■ Problem description
Copy word for word, please, the lines of the entries below running from the one containing "Toned photo of" to the one containing "Vacation in Venice", both ends included.

━━━ Data extracts

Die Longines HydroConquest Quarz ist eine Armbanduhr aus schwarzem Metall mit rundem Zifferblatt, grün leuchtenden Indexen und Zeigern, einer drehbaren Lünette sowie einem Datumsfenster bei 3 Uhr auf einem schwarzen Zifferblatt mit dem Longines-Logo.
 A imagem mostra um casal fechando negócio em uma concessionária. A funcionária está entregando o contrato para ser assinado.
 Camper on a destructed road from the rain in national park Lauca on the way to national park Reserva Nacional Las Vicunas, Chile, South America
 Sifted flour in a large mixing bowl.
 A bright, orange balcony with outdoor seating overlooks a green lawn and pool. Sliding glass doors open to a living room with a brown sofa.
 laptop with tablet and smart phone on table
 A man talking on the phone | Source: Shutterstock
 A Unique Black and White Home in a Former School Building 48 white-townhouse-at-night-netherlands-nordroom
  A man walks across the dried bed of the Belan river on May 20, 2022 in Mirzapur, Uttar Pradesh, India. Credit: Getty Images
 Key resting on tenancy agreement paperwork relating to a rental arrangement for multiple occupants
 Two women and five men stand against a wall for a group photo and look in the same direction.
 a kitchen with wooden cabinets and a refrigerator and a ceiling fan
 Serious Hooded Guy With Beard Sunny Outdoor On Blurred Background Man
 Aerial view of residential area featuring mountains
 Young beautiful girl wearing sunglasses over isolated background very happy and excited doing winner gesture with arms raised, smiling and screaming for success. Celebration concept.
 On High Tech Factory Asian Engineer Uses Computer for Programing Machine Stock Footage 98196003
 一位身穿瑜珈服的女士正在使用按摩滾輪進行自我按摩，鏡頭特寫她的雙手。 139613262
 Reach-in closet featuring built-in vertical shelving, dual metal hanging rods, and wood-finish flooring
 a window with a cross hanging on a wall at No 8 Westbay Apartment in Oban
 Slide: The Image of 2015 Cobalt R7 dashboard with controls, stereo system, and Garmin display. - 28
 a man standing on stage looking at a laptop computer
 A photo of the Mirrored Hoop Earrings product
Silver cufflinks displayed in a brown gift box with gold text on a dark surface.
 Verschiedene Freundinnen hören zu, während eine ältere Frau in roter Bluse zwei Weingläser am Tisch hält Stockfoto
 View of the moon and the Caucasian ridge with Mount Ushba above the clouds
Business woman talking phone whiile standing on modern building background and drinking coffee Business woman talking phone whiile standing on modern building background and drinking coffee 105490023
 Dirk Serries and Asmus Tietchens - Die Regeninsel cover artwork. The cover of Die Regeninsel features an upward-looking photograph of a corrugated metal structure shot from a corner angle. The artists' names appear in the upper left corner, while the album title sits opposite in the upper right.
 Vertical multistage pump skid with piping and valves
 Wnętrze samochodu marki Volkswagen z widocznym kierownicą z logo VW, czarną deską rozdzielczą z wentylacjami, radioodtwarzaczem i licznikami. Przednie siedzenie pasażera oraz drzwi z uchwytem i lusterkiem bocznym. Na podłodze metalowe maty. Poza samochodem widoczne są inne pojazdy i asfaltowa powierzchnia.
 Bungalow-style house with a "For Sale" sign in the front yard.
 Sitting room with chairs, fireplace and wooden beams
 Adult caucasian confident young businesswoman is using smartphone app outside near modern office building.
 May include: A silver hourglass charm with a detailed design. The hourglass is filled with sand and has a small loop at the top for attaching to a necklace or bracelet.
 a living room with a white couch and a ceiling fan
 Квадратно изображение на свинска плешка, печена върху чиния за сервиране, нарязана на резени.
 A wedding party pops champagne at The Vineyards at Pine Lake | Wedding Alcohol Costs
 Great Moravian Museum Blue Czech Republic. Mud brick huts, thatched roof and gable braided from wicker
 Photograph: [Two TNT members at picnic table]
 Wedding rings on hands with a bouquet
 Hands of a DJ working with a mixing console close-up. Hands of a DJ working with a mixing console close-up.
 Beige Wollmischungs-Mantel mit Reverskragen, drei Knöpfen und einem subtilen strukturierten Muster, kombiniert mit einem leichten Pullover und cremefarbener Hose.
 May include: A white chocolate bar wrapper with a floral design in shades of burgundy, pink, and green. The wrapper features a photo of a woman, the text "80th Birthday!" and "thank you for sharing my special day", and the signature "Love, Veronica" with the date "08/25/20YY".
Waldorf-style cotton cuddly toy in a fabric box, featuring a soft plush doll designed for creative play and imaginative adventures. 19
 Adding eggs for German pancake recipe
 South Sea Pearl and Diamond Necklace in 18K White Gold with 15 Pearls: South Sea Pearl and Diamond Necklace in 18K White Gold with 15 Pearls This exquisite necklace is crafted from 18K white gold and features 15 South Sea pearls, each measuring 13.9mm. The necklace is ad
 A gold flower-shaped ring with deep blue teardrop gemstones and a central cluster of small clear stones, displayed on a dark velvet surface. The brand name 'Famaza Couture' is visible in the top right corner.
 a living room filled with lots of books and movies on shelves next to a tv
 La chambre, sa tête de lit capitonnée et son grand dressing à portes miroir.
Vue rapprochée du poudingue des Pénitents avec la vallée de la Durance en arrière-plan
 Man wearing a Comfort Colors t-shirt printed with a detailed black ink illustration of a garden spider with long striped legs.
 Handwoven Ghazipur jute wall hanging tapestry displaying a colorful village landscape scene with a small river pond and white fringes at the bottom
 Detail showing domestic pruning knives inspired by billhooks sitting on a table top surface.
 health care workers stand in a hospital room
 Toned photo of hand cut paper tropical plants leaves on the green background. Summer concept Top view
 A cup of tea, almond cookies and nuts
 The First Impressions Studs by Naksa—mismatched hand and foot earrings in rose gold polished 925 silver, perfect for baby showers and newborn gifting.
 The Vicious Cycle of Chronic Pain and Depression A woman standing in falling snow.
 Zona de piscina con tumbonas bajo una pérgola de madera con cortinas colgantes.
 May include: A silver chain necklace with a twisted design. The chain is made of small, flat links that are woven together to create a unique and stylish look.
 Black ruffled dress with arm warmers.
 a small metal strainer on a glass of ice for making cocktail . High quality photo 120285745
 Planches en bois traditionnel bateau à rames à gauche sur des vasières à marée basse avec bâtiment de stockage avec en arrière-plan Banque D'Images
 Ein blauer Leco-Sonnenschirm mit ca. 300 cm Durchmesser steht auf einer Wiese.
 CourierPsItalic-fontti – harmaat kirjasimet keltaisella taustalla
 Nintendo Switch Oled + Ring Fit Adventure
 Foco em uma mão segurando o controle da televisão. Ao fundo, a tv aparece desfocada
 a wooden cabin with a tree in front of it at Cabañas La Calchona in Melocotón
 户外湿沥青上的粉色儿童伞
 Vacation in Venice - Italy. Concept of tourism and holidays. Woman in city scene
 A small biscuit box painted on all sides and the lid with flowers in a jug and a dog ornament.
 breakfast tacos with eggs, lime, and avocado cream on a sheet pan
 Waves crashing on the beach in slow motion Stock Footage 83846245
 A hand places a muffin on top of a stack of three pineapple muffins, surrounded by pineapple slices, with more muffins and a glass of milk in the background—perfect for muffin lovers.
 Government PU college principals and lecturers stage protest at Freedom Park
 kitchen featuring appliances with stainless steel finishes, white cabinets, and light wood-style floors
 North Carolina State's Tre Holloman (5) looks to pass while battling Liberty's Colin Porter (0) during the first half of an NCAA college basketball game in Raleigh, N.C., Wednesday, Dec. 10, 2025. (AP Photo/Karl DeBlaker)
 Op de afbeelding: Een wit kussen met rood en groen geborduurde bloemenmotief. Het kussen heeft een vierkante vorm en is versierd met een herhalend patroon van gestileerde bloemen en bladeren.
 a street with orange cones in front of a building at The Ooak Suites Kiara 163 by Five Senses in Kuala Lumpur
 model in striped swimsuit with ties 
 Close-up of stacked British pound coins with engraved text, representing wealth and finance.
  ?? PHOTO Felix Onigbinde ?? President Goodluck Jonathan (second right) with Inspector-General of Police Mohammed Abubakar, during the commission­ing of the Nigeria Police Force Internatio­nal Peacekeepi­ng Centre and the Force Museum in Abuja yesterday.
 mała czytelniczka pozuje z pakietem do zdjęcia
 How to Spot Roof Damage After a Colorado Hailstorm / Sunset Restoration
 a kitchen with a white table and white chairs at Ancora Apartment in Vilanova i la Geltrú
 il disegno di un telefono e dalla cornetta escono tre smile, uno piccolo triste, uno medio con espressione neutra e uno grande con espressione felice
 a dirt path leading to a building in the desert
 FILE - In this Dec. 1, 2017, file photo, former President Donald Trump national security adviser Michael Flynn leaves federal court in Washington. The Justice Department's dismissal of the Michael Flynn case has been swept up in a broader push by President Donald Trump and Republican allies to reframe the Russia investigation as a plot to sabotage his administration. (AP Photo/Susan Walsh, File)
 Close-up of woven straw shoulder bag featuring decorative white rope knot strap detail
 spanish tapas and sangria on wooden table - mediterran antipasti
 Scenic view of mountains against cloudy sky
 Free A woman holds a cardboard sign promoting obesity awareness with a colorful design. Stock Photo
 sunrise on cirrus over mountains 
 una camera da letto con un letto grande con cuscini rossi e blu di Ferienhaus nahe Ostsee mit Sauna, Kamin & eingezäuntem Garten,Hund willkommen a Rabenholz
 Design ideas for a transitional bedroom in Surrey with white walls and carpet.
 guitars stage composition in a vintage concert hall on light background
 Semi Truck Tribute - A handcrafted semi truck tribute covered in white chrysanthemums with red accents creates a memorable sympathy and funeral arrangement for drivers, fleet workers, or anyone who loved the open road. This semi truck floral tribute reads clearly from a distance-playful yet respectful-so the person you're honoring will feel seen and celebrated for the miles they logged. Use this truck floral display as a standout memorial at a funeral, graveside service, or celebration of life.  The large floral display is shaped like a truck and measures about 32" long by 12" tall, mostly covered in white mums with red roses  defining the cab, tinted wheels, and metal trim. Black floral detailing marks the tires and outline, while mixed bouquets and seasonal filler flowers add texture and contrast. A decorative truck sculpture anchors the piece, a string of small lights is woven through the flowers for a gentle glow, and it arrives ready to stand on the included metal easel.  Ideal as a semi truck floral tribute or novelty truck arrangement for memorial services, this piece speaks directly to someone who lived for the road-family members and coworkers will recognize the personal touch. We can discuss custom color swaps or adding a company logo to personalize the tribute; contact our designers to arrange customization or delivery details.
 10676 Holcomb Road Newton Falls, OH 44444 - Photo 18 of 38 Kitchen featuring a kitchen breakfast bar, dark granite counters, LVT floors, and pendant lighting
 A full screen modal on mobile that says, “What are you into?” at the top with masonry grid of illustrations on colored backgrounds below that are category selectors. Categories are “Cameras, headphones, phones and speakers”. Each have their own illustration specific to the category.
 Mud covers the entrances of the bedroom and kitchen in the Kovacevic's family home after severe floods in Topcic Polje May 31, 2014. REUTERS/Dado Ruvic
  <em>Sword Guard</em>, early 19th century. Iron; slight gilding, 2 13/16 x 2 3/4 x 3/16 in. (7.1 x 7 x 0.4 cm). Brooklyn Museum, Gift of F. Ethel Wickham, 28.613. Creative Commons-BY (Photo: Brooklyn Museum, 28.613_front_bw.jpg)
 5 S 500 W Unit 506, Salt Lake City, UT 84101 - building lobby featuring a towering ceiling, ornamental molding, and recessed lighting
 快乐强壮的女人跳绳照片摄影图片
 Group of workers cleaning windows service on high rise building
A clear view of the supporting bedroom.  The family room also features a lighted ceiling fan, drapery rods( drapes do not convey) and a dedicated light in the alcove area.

━━━━━━

■ Reply
 Toned photo of hand cut paper tropical plants leaves on the green background. Summer concept Top view
 A cup of tea, almond cookies and nuts
 The First Impressions Studs by Naksa—mismatched hand and foot earrings in rose gold polished 925 silver, perfect for baby showers and newborn gifting.
 The Vicious Cycle of Chronic Pain and Depression A woman standing in falling snow.
 Zona de piscina con tumbonas bajo una pérgola de madera con cortinas colgantes.
 May include: A silver chain necklace with a twisted design. The chain is made of small, flat links that are woven together to create a unique and stylish look.
 Black ruffled dress with arm warmers.
 a small metal strainer on a glass of ice for making cocktail . High quality photo 120285745
 Planches en bois traditionnel bateau à rames à gauche sur des vasières à marée basse avec bâtiment de stockage avec en arrière-plan Banque D'Images
 Ein blauer Leco-Sonnenschirm mit ca. 300 cm Durchmesser steht auf einer Wiese.
 CourierPsItalic-fontti – harmaat kirjasimet keltaisella taustalla
 Nintendo Switch Oled + Ring Fit Adventure
 Foco em uma mão segurando o controle da televisão. Ao fundo, a tv aparece desfocada
 a wooden cabin with a tree in front of it at Cabañas La Calchona in Melocotón
 户外湿沥青上的粉色儿童伞
 Vacation in Venice - Italy. Concept of tourism and holidays. Woman in city scene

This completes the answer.